(Caption-style text data)
+ + + + +
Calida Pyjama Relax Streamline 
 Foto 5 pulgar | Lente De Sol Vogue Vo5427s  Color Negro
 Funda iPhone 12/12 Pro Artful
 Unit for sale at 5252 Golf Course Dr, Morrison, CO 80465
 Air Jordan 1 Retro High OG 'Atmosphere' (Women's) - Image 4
+ + + + +
[Exercise directions]
Write out, please, only the lines from the one with "Funda iPhone 12/12 Pro Artful" through the last line above, both included and unchanged.

[Answer for this exercise]
 Funda iPhone 12/12 Pro Artful
 Unit for sale at 5252 Golf Course Dr, Morrison, CO 80465
 Air Jordan 1 Retro High OG 'Atmosphere' (Women's) - Image 4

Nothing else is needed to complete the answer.